Movie Review: Ma Rainey’s Black Bottom
17th February 2021With awards season rapidly catching us up, looming over critics and audiences alike similar to a spectre at a rather bland feast, it is no surprise that Ma Rainey’s Black Bottom has received its fair share of nominations. Box office and biopic fodder for a generation that needs whole lives gutted down and highlighted to a bitesize chunk of themes and ideals, rather than a genuine product that gives scope to who this person really was. Still, a fondness for jazz and blues should be enough to carry a project of this sort across the finish line and into a comfortable position of relative mediocrity. I have been wrong before, and, much to my embarrassment, I will be wrong again, for the actual music found in Ma Rainey’s Black Bottom is nowhere close enough to carry this stifled, struggling film.
Viola Davis looks to burrow her way out of the Suicide Squad rut with a sure-fire Academy Awards contender. It is not due to any effective quality or bold performance; it is just a matter of being in the right place at the right time. She seems exhausted, her charisma punctured and removed almost entirely, in its place there is only a shell of what should have been an even somewhat entertaining performance. Still, she is not the only lacking quality here, the cast is filled to the brim with underwhelming moments and creatively devoid bleakness. With the late Chadwick Boseman appearing in a relatively static performance as Levee Green, it is hard to convey much praise for his premature swansong. He offers nothing to write home about here.
A debut script from Ruben Santiago-Hudson, and it is clear to see where the influence of a scriptwriting seminar is within.
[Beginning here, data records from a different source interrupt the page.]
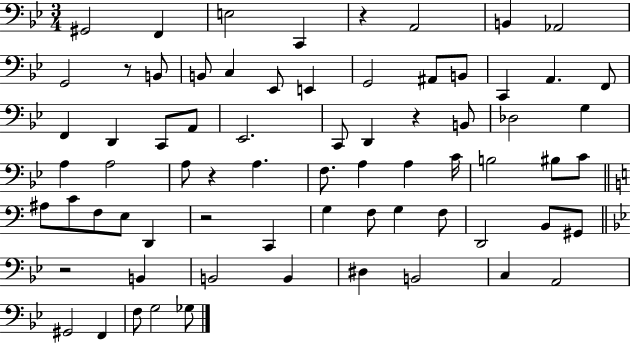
{
  \clef bass
  \numericTimeSignature
  \time 3/4
  \key bes \major
  gis,2 f,4 | e2 c,4 | r4 a,2 | b,4 aes,2 | \break g,2 r8 b,8 | b,8 c4 ees,8 e,4 | g,2 ais,8 b,8 | c,4 a,4. f,8 | \break f,4 d,4 c,8 a,8 | ees,2. | c,8 d,4 r4 b,8 | des2 g4 | \break a4 a2 | a8 r4 a4. | f8. a4 a4 c'16 | b2 bis8 c'8 | \break \bar "||" \break \key a \minor ais8 c'8 f8 e8 d,4 | r2 c,4 | g4 f8 g4 f8 | d,2 b,8 gis,8 | \break \bar "||" \break \key bes \major r2 b,4 | b,2 b,4 | dis4 b,2 | c4 a,2 | \break gis,2 f,4 | f8 g2 ges8 | \bar "|."
}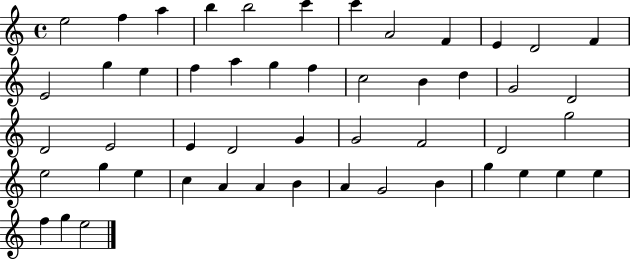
X:1
T:Untitled
M:4/4
L:1/4
K:C
e2 f a b b2 c' c' A2 F E D2 F E2 g e f a g f c2 B d G2 D2 D2 E2 E D2 G G2 F2 D2 g2 e2 g e c A A B A G2 B g e e e f g e2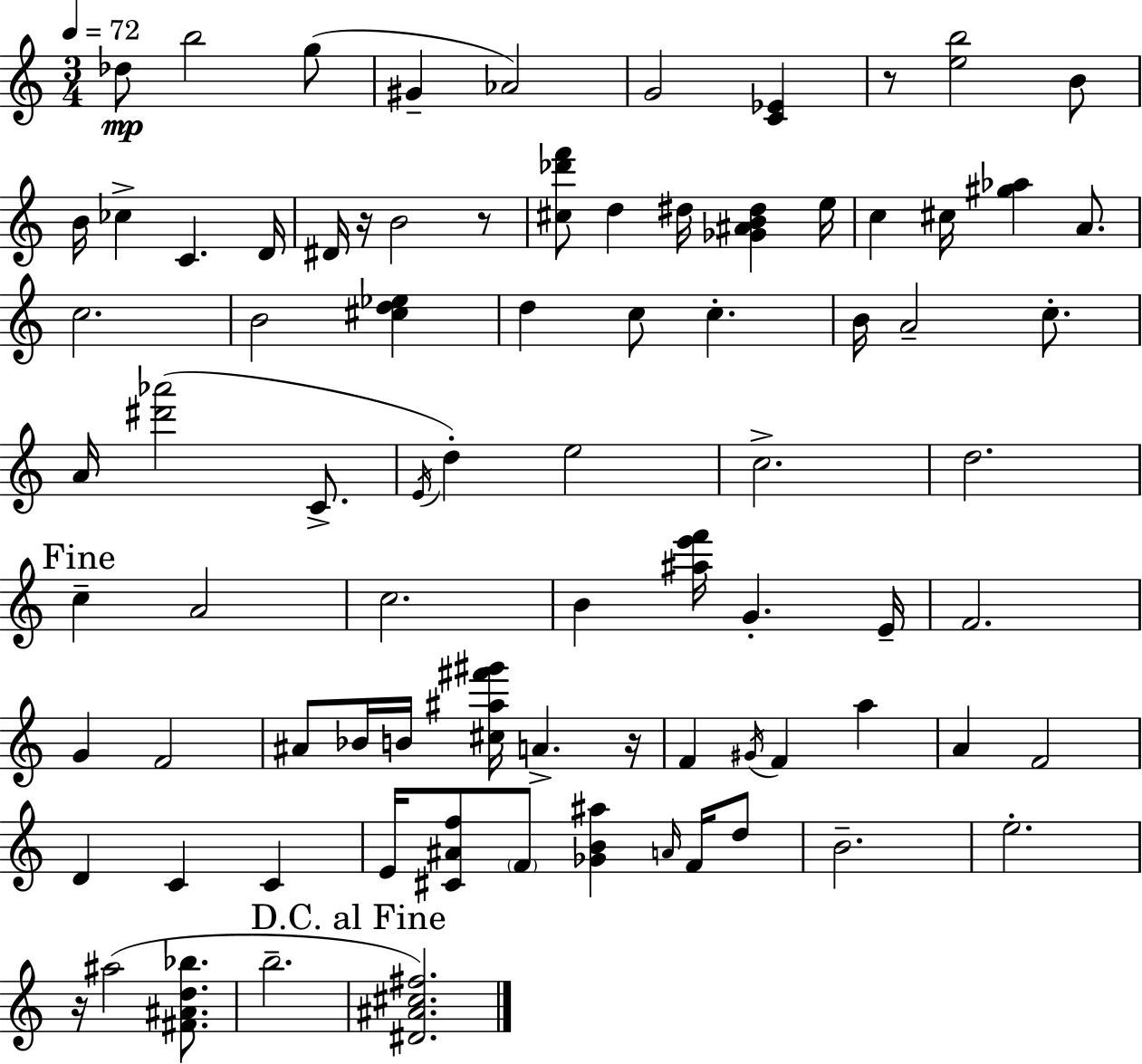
X:1
T:Untitled
M:3/4
L:1/4
K:Am
_d/2 b2 g/2 ^G _A2 G2 [C_E] z/2 [eb]2 B/2 B/4 _c C D/4 ^D/4 z/4 B2 z/2 [^c_d'f']/2 d ^d/4 [_G^AB^d] e/4 c ^c/4 [^g_a] A/2 c2 B2 [^cd_e] d c/2 c B/4 A2 c/2 A/4 [^d'_a']2 C/2 E/4 d e2 c2 d2 c A2 c2 B [^ae'f']/4 G E/4 F2 G F2 ^A/2 _B/4 B/4 [^c^a^f'^g']/4 A z/4 F ^G/4 F a A F2 D C C E/4 [^C^Af]/2 F/2 [_GB^a] A/4 F/4 d/2 B2 e2 z/4 ^a2 [^F^Ad_b]/2 b2 [^D^A^c^f]2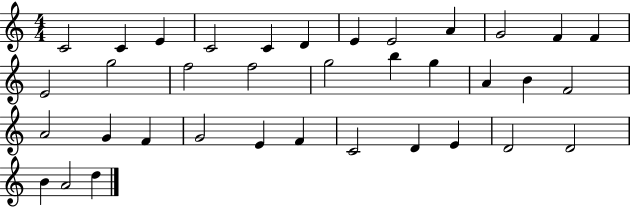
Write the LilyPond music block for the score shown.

{
  \clef treble
  \numericTimeSignature
  \time 4/4
  \key c \major
  c'2 c'4 e'4 | c'2 c'4 d'4 | e'4 e'2 a'4 | g'2 f'4 f'4 | \break e'2 g''2 | f''2 f''2 | g''2 b''4 g''4 | a'4 b'4 f'2 | \break a'2 g'4 f'4 | g'2 e'4 f'4 | c'2 d'4 e'4 | d'2 d'2 | \break b'4 a'2 d''4 | \bar "|."
}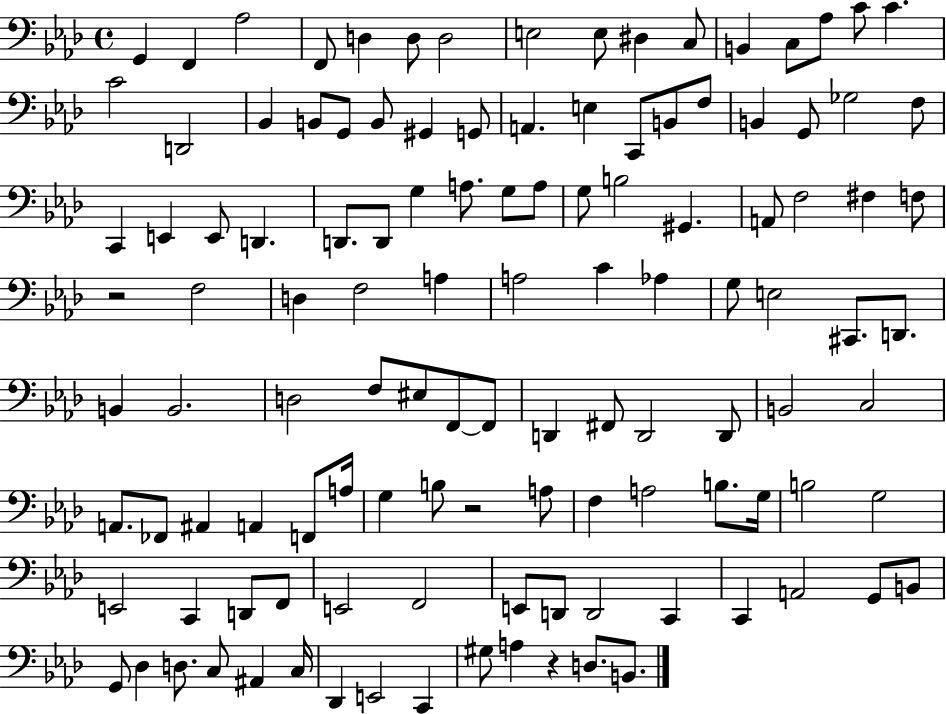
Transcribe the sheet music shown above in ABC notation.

X:1
T:Untitled
M:4/4
L:1/4
K:Ab
G,, F,, _A,2 F,,/2 D, D,/2 D,2 E,2 E,/2 ^D, C,/2 B,, C,/2 _A,/2 C/2 C C2 D,,2 _B,, B,,/2 G,,/2 B,,/2 ^G,, G,,/2 A,, E, C,,/2 B,,/2 F,/2 B,, G,,/2 _G,2 F,/2 C,, E,, E,,/2 D,, D,,/2 D,,/2 G, A,/2 G,/2 A,/2 G,/2 B,2 ^G,, A,,/2 F,2 ^F, F,/2 z2 F,2 D, F,2 A, A,2 C _A, G,/2 E,2 ^C,,/2 D,,/2 B,, B,,2 D,2 F,/2 ^E,/2 F,,/2 F,,/2 D,, ^F,,/2 D,,2 D,,/2 B,,2 C,2 A,,/2 _F,,/2 ^A,, A,, F,,/2 A,/4 G, B,/2 z2 A,/2 F, A,2 B,/2 G,/4 B,2 G,2 E,,2 C,, D,,/2 F,,/2 E,,2 F,,2 E,,/2 D,,/2 D,,2 C,, C,, A,,2 G,,/2 B,,/2 G,,/2 _D, D,/2 C,/2 ^A,, C,/4 _D,, E,,2 C,, ^G,/2 A, z D,/2 B,,/2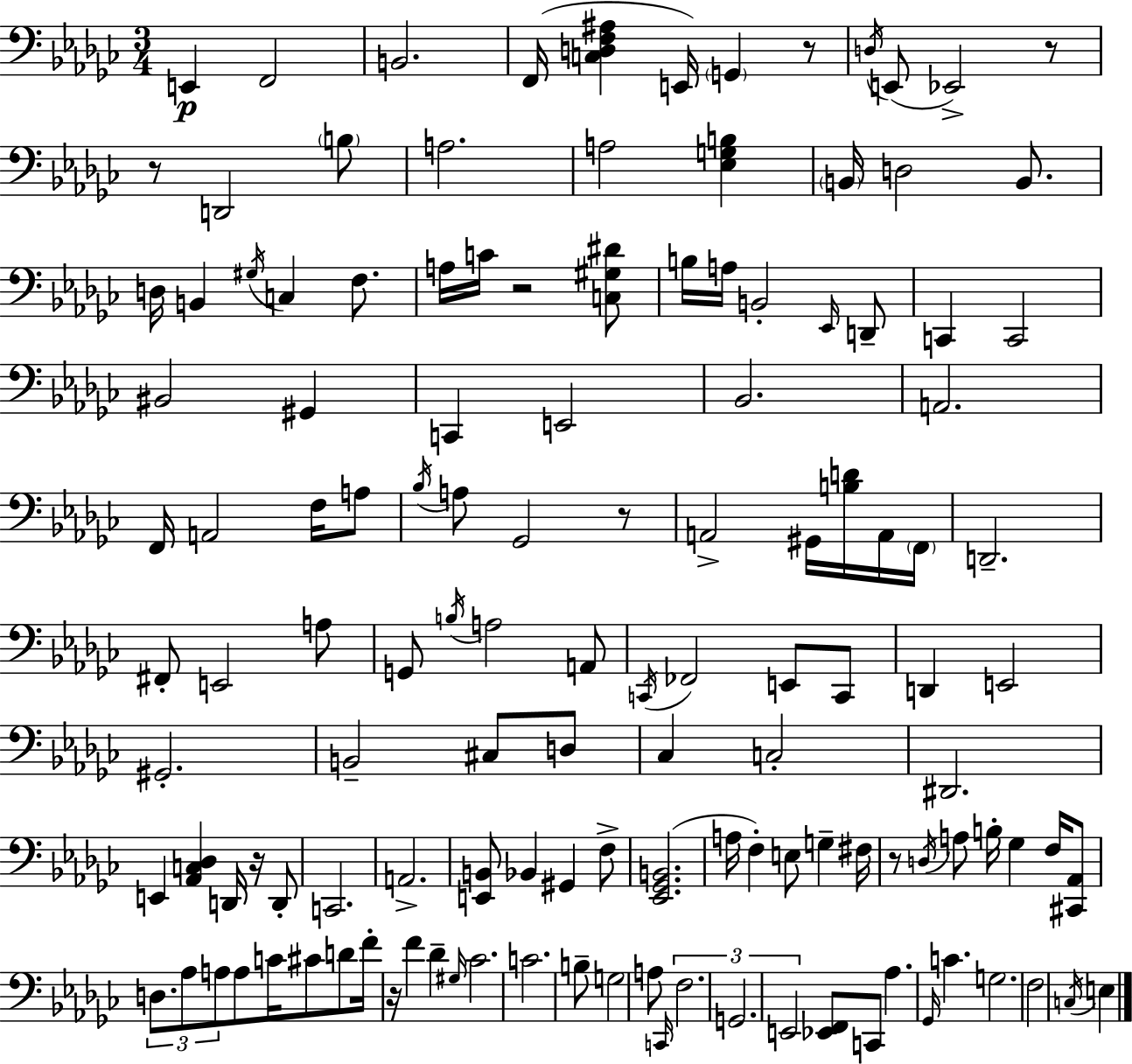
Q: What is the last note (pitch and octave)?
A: E3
Name dropping locations and pockets of history that, to the characters found here, are contemporary events, Ma Rainey’s Black Bottom pulls a scope and setting from nowhere unique. It is a boring film. As boring as that previous sentence may be, it is the only way to convey how much of a non-entity this Netflix original is. It would be forgivable if it strayed even ever so slightly off of the Hollywood path, but director George C. Wolfe is afraid to take the training wheels off. Placid camera angles attempt to capture emotive characters, but when the dialogue is something audiences will have heard all before, it is relatively difficult to convey any real meaning or interest to any of it.
Ma Rainey’s Black Bottom is a confounded, boring piece. It attaches itself to blues iconography without much passion or love for the real heart at the centre of this period. Pinstripe suits, stuffy, sickly-looking walls and all the usual trilby-wearing heroes and villains you would assume to find within anything even vaguely similar to the universal appeal Wolfe attempts to offer. Affectionless, cold and heartless, the film does not garner any spirited emotion, nor does it attempt even slightly to break away from that ever-crumbling Hollywood dialogue around the great figures of history. Blues music is a wonderful genre. Soulful musings on a hard-fought right to live, its adaptation to the big screen was an inevitability of the Hollywood machine that shadows much creative media, it is no surprise to see it is put through the same feeble process as other biopics of beloved stars.